● **What you will do**
Leaving out the pictures, transcribe all of the records faithfully.

==== Extracted information

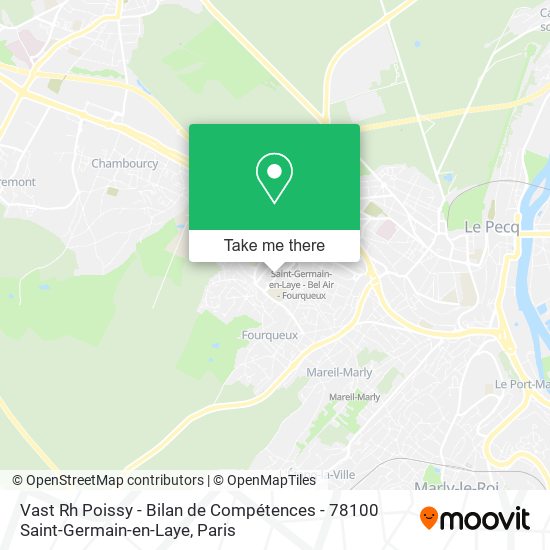 Mapa Vast Rh Poissy - Bilan de Compétences - 78100 Saint-Germain-en-Laye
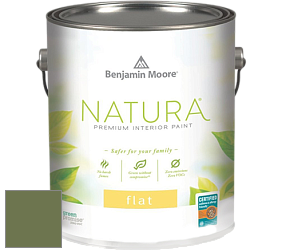 Benjamin Moore 512 Natura Interior Flat Finish матовая краска цвет 434 Herb Garden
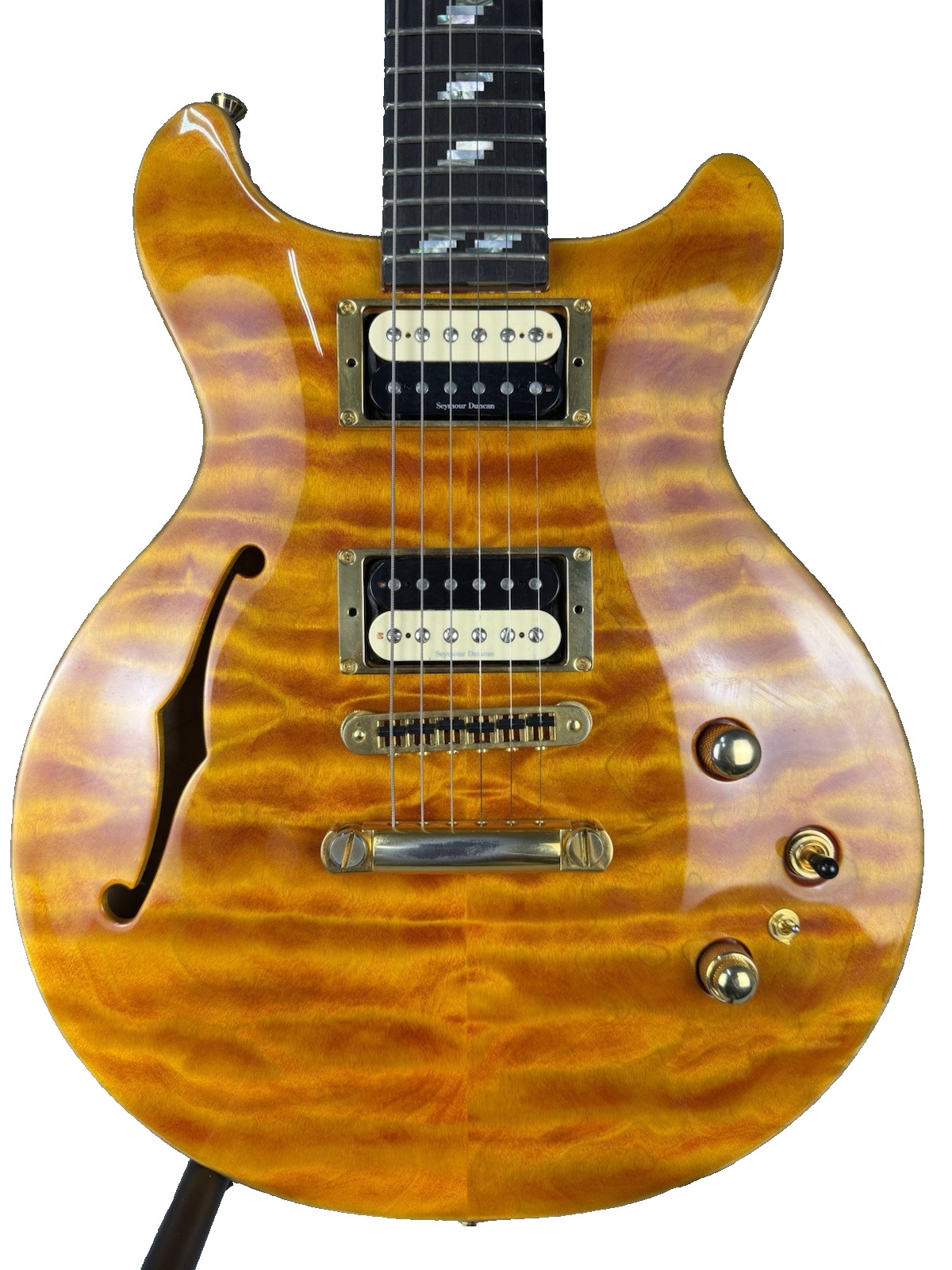 *Very Rare*Ed Roman Guitars: Jaros Bluzeman Plus Hellfire Custom W/Hard Case
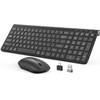 JOYACCESS Upgraded 2.4GHz Wireless Keyboard Mouse Combo, Ergonomic and Dustproof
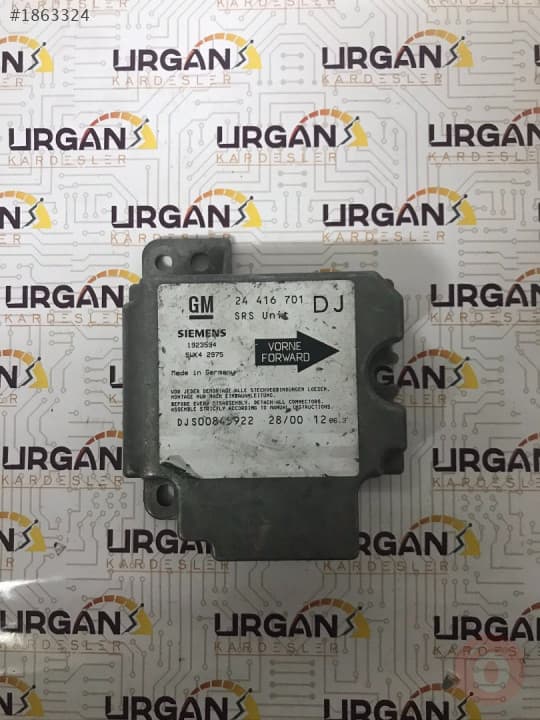 24416701DJ 1923594 Opel Vectra  SIEMENS AİRBAG BEYNİ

========

● **Result of the task**
 Mapa Vast Rh Poissy - Bilan de Compétences - 78100 Saint-Germain-en-Laye
 Benjamin Moore 512 Natura Interior Flat Finish матовая краска цвет 434 Herb Garden
 *Very Rare*Ed Roman Guitars: Jaros Bluzeman Plus Hellfire Custom W/Hard Case
 JOYACCESS Upgraded 2.4GHz Wireless Keyboard Mouse Combo, Ergonomic and Dustproof
 24416701DJ 1923594 Opel Vectra  SIEMENS AİRBAG BEYNİ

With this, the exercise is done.